Is the main reason for that diode to protect the mosfet for inductive load?
Yes, this diode protects the MOSFET from self-induction emf when the inductive load is disconnected is switched off by the MOSFET. If the load is active, it is not needed.
Thanks. Then, i understand 
No, not disconnected, but when it is switched off by the FET.
If the inductive load is disconnected by parting the connector, it may cause an arc, but it will not apply a reverse voltage to the circuit.
"Lost in translation" by Google Translator.

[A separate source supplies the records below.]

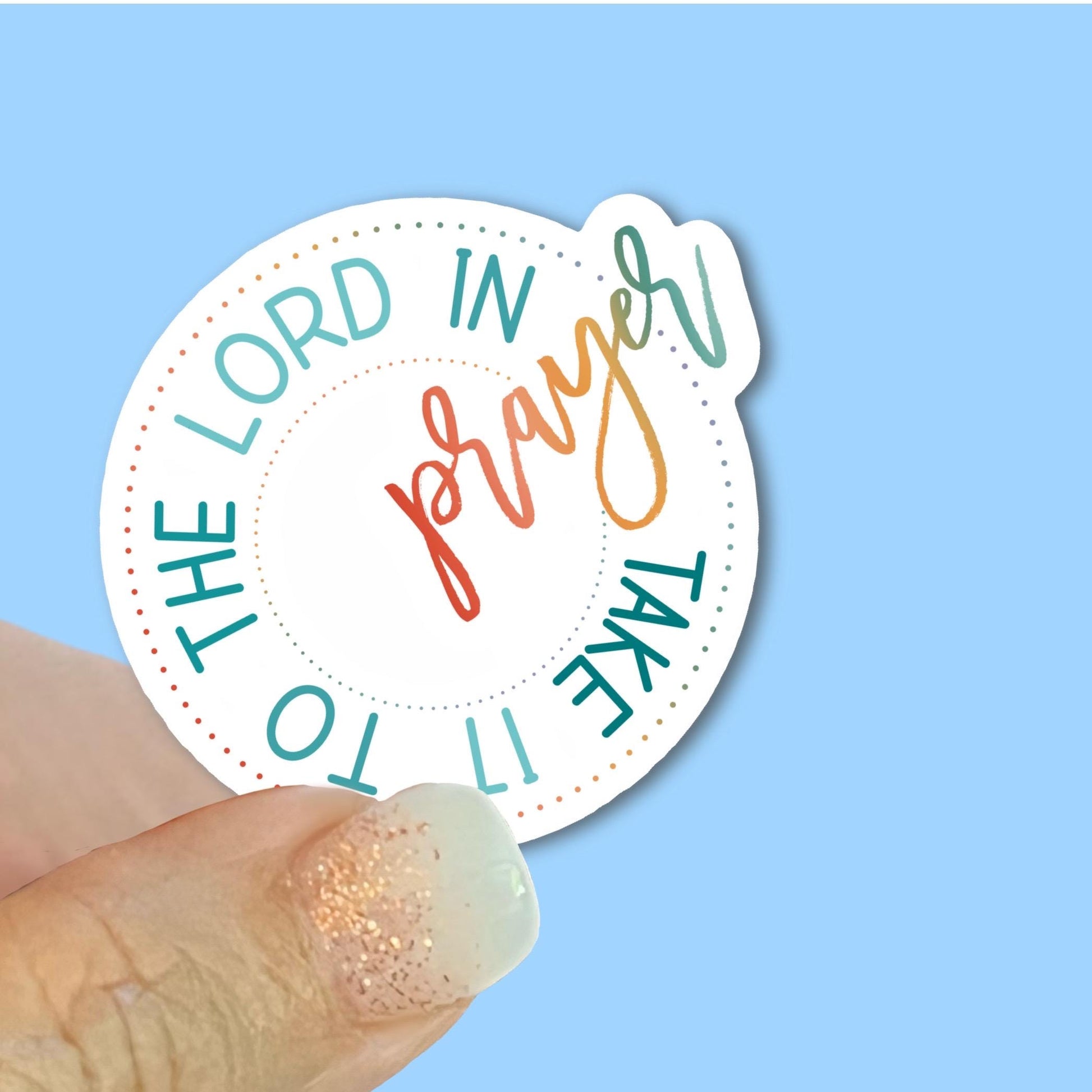 Take it to the Lord in Prayer- Christian Faith UV/ Waterproof Vinyl Sticker/ Decal- Choice of Size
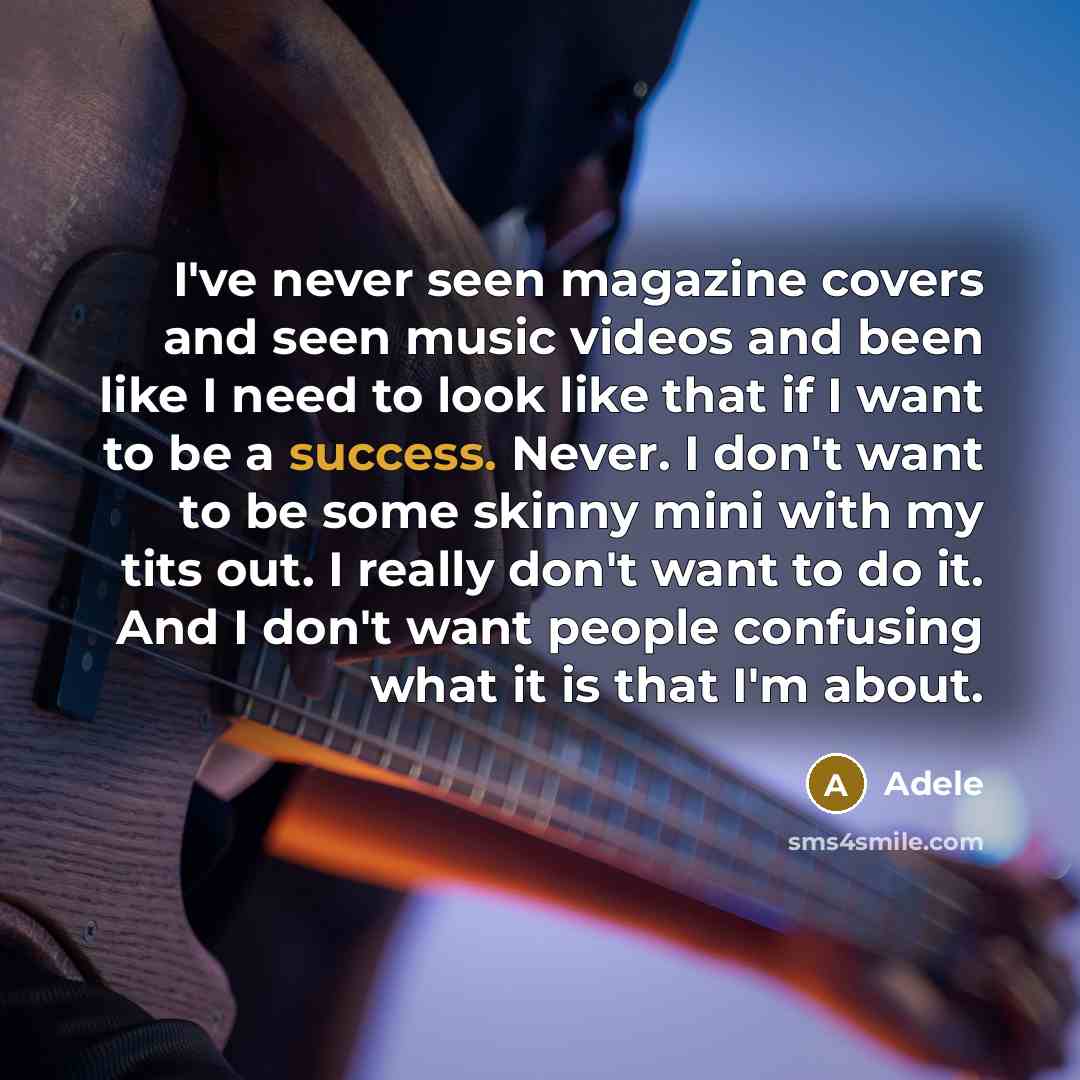 “I've never seen magazine covers and seen music videos and been like I need to look like that if I want to be a success. Never. I don't want to be some skinny mini with my tits out. I really don't want to do it. And I don't want people confusing what it is that I'm about.” quote by Adele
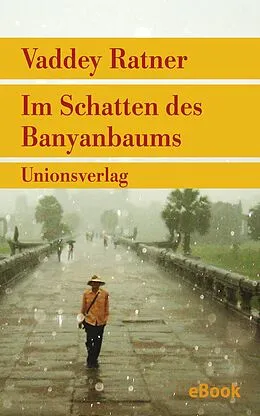 E-Book (epub) Im Schatten des Banyanbaums von Vaddey Ratner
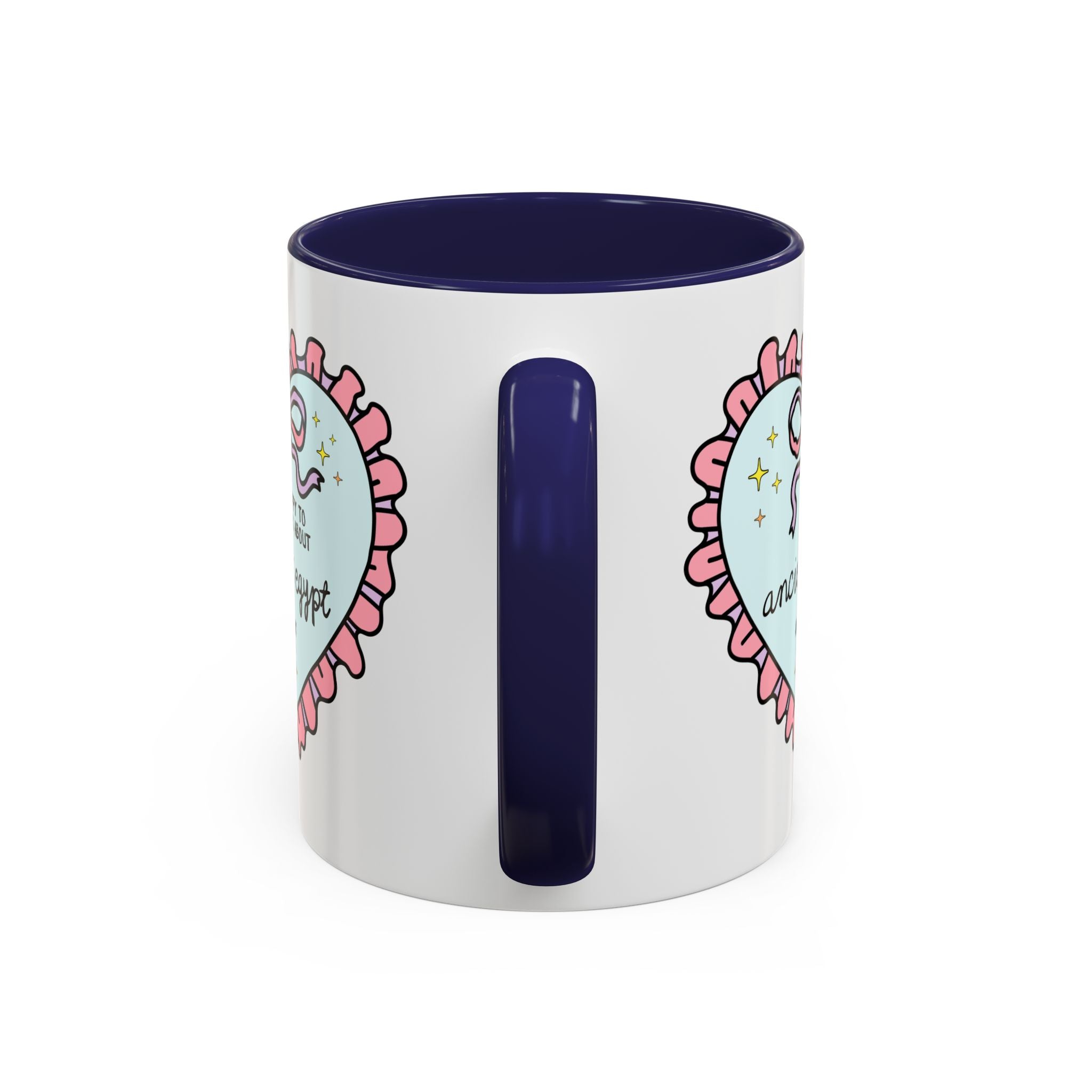 Happy to Talk About Ancient Egypt All Day Long Coffee Mug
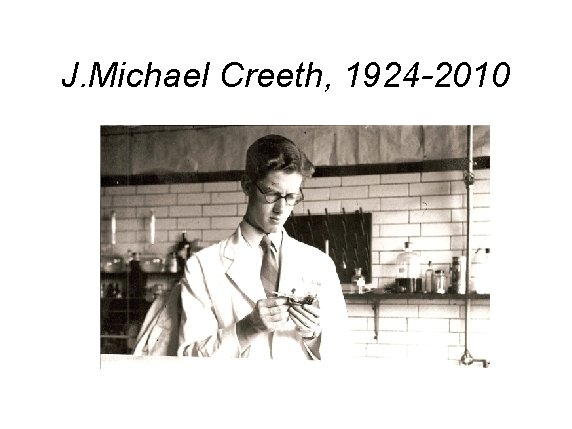 J. Michael Creeth, 1924 -2010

Of course, "the inductive load is disconnected", should be read as "the inductive load is switched off by the MOSFET".
Thank you.
Actually arcs are very destructive, sometimes generating high levels of RF voltage, so it may apply a whole mess of alternating voltages, so both forward and reverse over-voltage can happen - a TVS diode or MOV might be needed to increase the protection against an arc - a freewheel diode isn't enough.
But this is not going to be relevant here as this can only happen while the FET is switched on and "locking" the voltage at the output terminals to the supply voltage. 

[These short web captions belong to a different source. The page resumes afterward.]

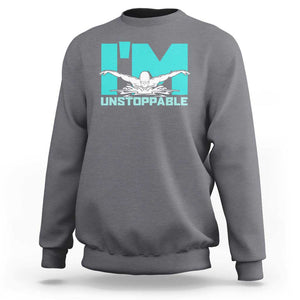 Funny Swimming Sweatshirt I'm Unstoppable Swim Cool Practice Butterfly Swimming TS11 Charcoal Print Your Wear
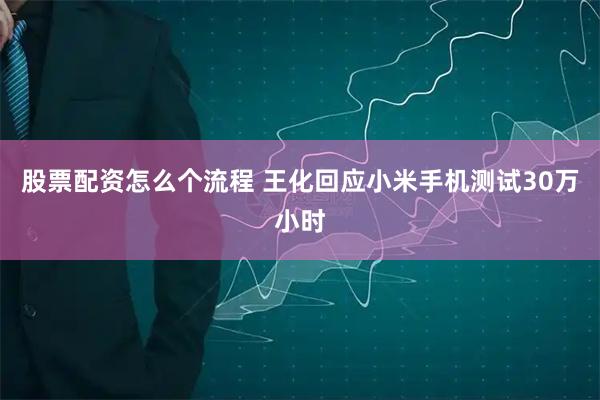 股票配资怎么个流程 王化回应小米手机测试30万小时
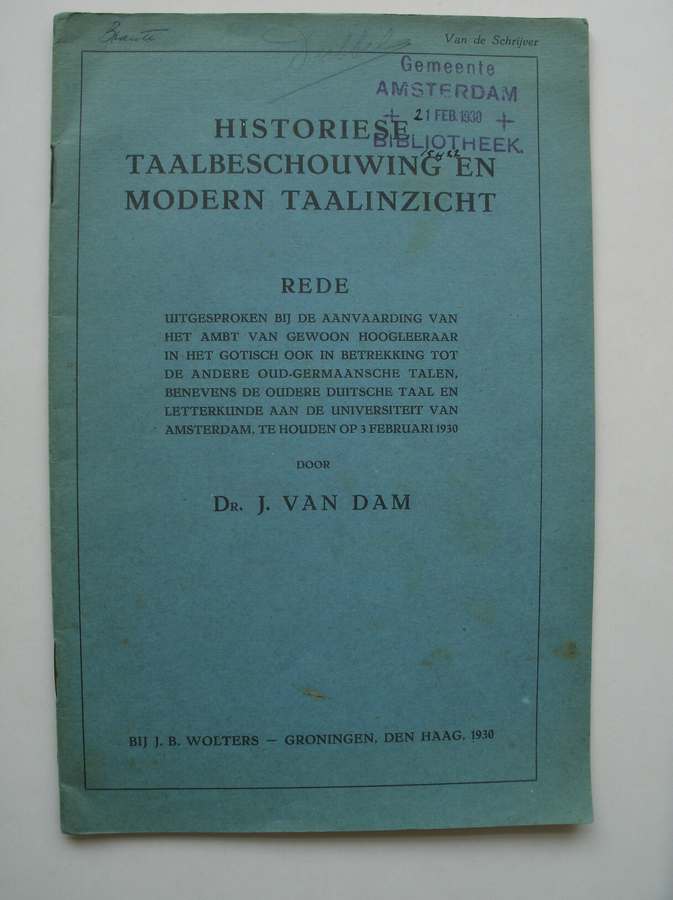 DAM, J. VAN, - Historiese Taalbeschouwing en modern taalinzicht. Inaugurele rede.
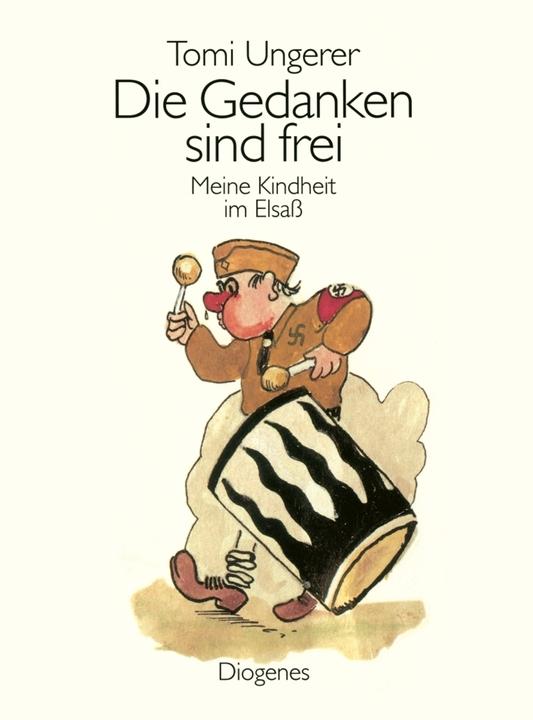 Image du produit Die Gedanken sind frei (Allemand, Tomi Ungererer, 2017)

Just to note that the MOSFET already has a body diode that'll protect it when switching inductive loads. You should probably remove the GND2 symbol (output pin2) as this is actually the switched output (LOAD) signal (see reply#2). Also, output pin 1 is actually +DC power.
Sadly this is not true.
Only in an H-bridge the other MOSFET may be used as a freewheeling diode.
Gladly, it really is true, that the body diode protects it (the MOSFET). I didn't say to remove the IN4007 which is still needed in this low-side switching application.

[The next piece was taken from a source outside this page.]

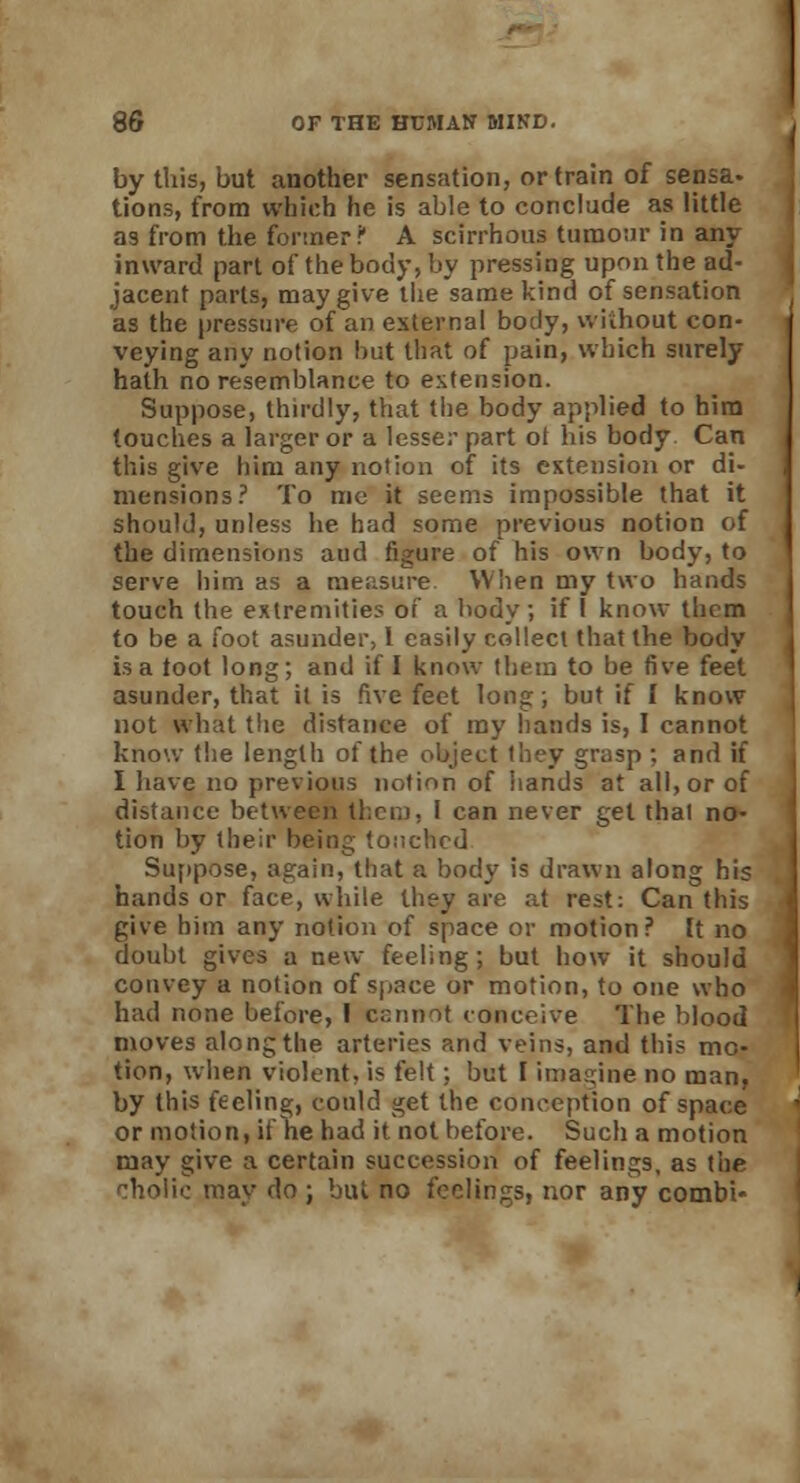 by this, but another sensation, or train of sensa- tions, from which he is able to conclude as little as from the former ? A scirrhous tumour in any- inward part of the body, by pressing upon the ad- jacent parts, may give the same kind of sensation as the pressure of an external body, without con- veying any notion but that of pain, which surely hath no resemblance to extension. Suppose, thirdly, that the body applied to him touches a larger or a lesser part ot his body Can this give him any notion of its extension or di- mensions? To mc it seems impossible that it should, unless he had some previous notion of the dimensions aud figure of his own body, to serve him as a measure When my two hands touch the extremities of a body, if I know them to be a foot asunder, 1 easily collect that the body is a toot long; and if I know tbem to be five feet asunder, that it is five feet long; but if I know not what the distance of my hands is, I cannot know the length of the object they grasp ; and if I have no previous notion of hands at all, or of distance between them, I can never get that no- tion by their being torched Suppose, again, that a body is drawn along his hands or face, while they are at rest: Can this give him any notion of space or motion? It no doubt gives a new feeling; but how it should convey a notion of space or motion, to one who had none before, I cannot conceive The blood moves along the arteries and veins, and this mo- tion, when violent, is felt; but I imagine no man, by (his feeling, could get the conception of space or motion, if he had it not before. Such a motion may give a certain succession of feelings, as the cholic may do ; but no feelings, nor any combl-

How does the body diode protect the MOSFET? By avalanche breakdown? Or you mean different schematic than OP?
also known as a commutating diode. people get weird about this, it has multiple names and people believe the name they heard first is THE name.
I'm puzzled. How does the body diode protect the MOSFET?
Reverse spikes (connecting or disconnecting the inductive load or power or operating with defective external flyback diode).
I am not claiming anything, just a quote.
The problem can arise when an inductive load is used at the drain side of the device, and during the MOSFET switch OFF periods the inductor's reverse EMF passing through the MOSFET body diode becomes too high, causing a sudden rise in the MOSFET's junction temperatures, and its breakdown.
I still don't understand. An inductive load doesn't create a reverse EMF over the switching transistor, it creates the reverse EMF over the inductor itself.
At the transistor, this looks like a high forward EMF. Assuming a positive supply and a low-side switch, the inductor creates a very high positive voltage (higher than Vcc) at the drain/collector when the transistor is switched off. With a high-side switch, the inductor creates a high negative voltage (lower than GND) at the emitter/source. In both cases this reverse biases the internal diode.
That is why, when a switching transistor needs protection, the protection diode is never connected across the transistor, it is connected across the load. A diode across the transistor does nothing to protect it. This is very well known.
What you say is correct.
It is known that a flyback diode connected in parallel with an inductive load reduces the self-induction emf to the level of the forward voltage drop across the diode and somewhat slows down the current decrease. This is a well-known practice that has been in use for decades. What is there to argue about is unclear.